Sejak pagi hari, puluhan santri putra dan putri mengikuti kegiatan ini dengan antusias. Mereka tidak hanya belajar teori, tetapi juga diperkenalkan langsung pada praktik jurnalistik, pengelolaan konten digital, serta teknik dokumentasi foto dan video yang relevan dengan kebutuhan media saat ini.

Ketua PAC GP Ansor Krejengan, Khairul Umam, menegaskan bahwa penguatan literasi media bagi santri merupakan langkah strategis di tengah derasnya arus informasi digital yang kerap tidak terfilter.

“Pesantren harus hadir di ruang digital dengan narasi yang benar dan berimbang. Karena itu, santri perlu dibekali keterampilan jurnalistik agar mampu menyampaikan informasi secara cerdas dan bertanggung jawab,” ujar Khairul.

Lebih jauh, ia menilai santri memiliki posisi penting sebagai penjaga nilai dan sekaligus komunikator publik. Dengan kemampuan bermedia yang baik, santri dinilai mampu menangkal hoaks, meluruskan stigma, serta memperkuat citra pesantren sebagai pusat pendidikan Islam yang moderat dan inklusif.

Kegiatan literasi ini menghadirkan tiga narasumber berpengalaman, yakni Sundari Adi Wardhana, Zainul Hasan Rizkiansyah, dan Fathol Arifin. Ketiganya menyampaikan materi komprehensif, mulai dari pengenalan dasar jurnalistik, strategi membangun konten digital, hingga teknik visual storytelling melalui foto dan video.

Materi tersebut dirancang agar santri mampu mengelola media pesantren secara mandiri, sekaligus aktif berpartisipasi dalam membangun ekosistem informasi yang sehat di media sosial.

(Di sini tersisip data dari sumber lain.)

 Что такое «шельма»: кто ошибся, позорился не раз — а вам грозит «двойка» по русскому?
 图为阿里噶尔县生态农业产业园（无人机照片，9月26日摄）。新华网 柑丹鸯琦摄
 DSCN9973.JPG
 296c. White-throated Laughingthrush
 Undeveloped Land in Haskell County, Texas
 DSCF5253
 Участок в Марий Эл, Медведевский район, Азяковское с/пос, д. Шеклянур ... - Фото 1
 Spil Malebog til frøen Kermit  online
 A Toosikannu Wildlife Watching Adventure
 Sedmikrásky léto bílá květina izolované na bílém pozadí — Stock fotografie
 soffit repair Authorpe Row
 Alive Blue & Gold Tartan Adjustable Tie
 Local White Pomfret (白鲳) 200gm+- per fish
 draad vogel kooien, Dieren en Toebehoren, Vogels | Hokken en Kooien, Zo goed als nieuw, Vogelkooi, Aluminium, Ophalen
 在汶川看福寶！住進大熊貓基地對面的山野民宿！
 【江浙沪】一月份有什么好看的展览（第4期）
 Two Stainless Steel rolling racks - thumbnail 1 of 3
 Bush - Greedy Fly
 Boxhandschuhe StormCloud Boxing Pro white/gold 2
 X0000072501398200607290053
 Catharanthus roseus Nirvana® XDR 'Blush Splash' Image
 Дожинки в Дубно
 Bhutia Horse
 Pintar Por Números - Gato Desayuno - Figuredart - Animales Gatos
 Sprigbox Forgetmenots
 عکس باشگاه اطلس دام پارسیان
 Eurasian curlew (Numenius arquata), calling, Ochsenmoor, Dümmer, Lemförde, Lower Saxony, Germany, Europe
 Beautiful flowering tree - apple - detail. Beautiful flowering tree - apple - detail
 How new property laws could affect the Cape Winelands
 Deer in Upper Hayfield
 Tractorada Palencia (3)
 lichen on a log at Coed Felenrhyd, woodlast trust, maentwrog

Sementara itu, dukungan penuh datang dari pihak pesantren. Habiburrahman, pengasuh Pondok Pesantren Miftahul Ulum sekaligus Dewan Penasihat PAC GP Ansor Krejengan, menyebut kegiatan ini sebagai bentuk adaptasi pesantren terhadap perkembangan zaman.

“Santri hari ini harus siap menghadapi tantangan digital. Selain menguasai ilmu agama, mereka juga perlu memahami cara menyampaikan pesan secara tepat di media. Kegiatan ini menjadi langkah penting ke arah itu,” ungkapnya.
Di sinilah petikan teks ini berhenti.